Wenn ich dich umarme, hab keine Angst: Die wahre Geschichte von Franco und Andrea Antonello erzählt von Fulvio Ervas (German Edition)
Läuterndes.
In Panama Viejo weckt ein kolossales Fußballspiel unsere Neugier, teuflisch schnelle Füße an einem zerfetzten Ball. Gegen Abend steigen wir zu den Gärten von Ancón hinauf und überblicken die Stadt wie von einem Kirchturm aus.
Ich lege mich auf den Rasen. In der Tasche sticht mich Joanas Brief. Andrea hüpft und gibt sich seinen Ritualen hin. Die Leute beobachten ihn, manche lachen wie bei einer Zirkusnummer.

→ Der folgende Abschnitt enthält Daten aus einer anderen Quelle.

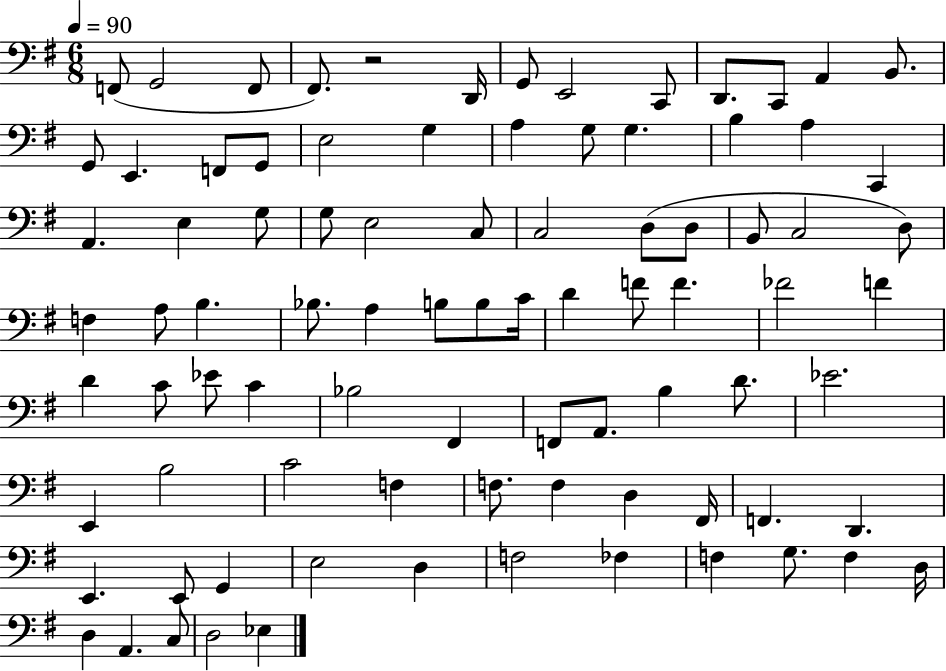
F2/e G2/h F2/e F#2/e. R/h D2/s G2/e E2/h C2/e D2/e. C2/e A2/q B2/e. G2/e E2/q. F2/e G2/e E3/h G3/q A3/q G3/e G3/q. B3/q A3/q C2/q A2/q. E3/q G3/e G3/e E3/h C3/e C3/h D3/e D3/e B2/e C3/h D3/e F3/q A3/e B3/q. Bb3/e. A3/q B3/e B3/e C4/s D4/q F4/e F4/q. FES4/h F4/q D4/q C4/e Eb4/e C4/q Bb3/h F#2/q F2/e A2/e. B3/q D4/e. Eb4/h. E2/q B3/h C4/h F3/q F3/e. F3/q D3/q F#2/s F2/q. D2/q. E2/q. E2/e G2/q E3/h D3/q F3/h FES3/q F3/q G3/e. F3/q D3/s D3/q A2/q. C3/e D3/h Eb3/q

Ich schließe die Augen und höre rund um mich lauter unbekannte Stimmen. Meine Phantasie macht sich selbständig. Ich sehe Andrea in einer Küche mit einer Frau und einem Kind, Andrea, wie er Geschirr spült, die Waschmaschine anstellt, Andrea, wie er das Kind im Arm hält, die Frau, die ihn an der Hand nimmt, und das Kind, das hinter Andrea herläuft, während er lachend davonrennt.
Manchmal finde ich es eine Ungeheuerlichkeit, dann wieder so normal: Warum sollte Andrea kein Kind haben? Er ist hübsch, stark, lächelt immer, reagiert nie bösartig, wenn ihm etwas nicht passt… Wer möchte nicht gern so einen Mann? Oder so einen Vater? Ich würde ihn lieben, wenn ich sein Sohn wäre.
Falls er mir eines Tages diesen Wunsch zu erkennen gäbe, hätte ich gern die nötige Kraft, Klarsicht und Sensibilität, um seinem Traum Flügel zu verleihen. Gewiss, es wäre eine noch wichtigere und aufregendere Reise als die, die wir gerade erleben. Aber manche Reisen beginnen nicht erst mit der Abfahrt. Sie beginnen früher. Viel, viel früher…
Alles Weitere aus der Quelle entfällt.